O atacante ganhou quase tudo pelo Chelsea e seria decisivo no mais importante título do clube, a Liga dos Campeões de 2012. Foi dele o gol do empate de 1 a 1 na final diante do Bayern de Munique e também a última cobrança na decisão por pênaltis. Com 157 gols em 341 jogos, Drogba se tornou o grande ídolo dos Blues. Pela seleção, disputaria ainda as Copas de 2010 e 2014.

 

Atuando fora das quatro linhas, Drogba seguiu tendo ainda mais destaque. Ao longo dos anos, participou de reuniões com os diferentes grupos étnicos e integrou a Comissão da Verdade e Reconciliação instaurada após a guerra. O jogador ainda criou sua própria fundação beneficente, doou recursos para projetos sociais e virou embaixador do Programa das Nações Unidas para o Desenvolvimento .

 

“Antes de ser jogador de futebol, sou um ser humano, sou um homem.
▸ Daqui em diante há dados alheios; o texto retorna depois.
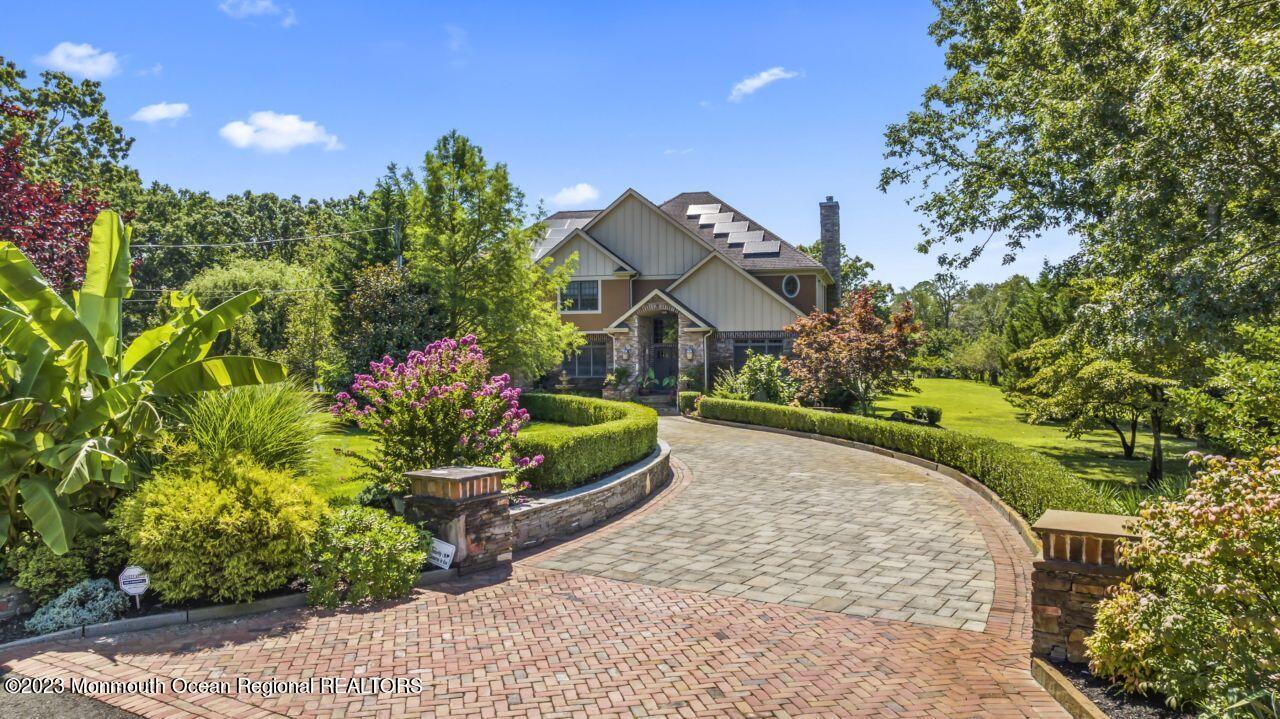 684 Oak Glen Road Howell, NJ 07731 - Photo 5 of 54 DJI_0363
Eu tenho uma vida para liderar, eu quero viver em um país pacífico. Meu país estava em guerra e as tensões estavam lá. Eu cuido do meu país e fiz o que tinha que fazer”, disse o craque à rede britânica BBC.

 

Drogba anunciou sua aposentadoria em novembro de 2018. Aos 40 anos, seu último clube foi o Phoenix Rising, dos Estados Unidos. Pelos times onde jogou, será lembrado por muitos e muitos anos. Para a história da Costa do Marfim, seu legado extracampo ficará para sempre. O de um grande ídolo que fez muito pelo seu povo. O de um atacante matador que contribuiu para a paz no país.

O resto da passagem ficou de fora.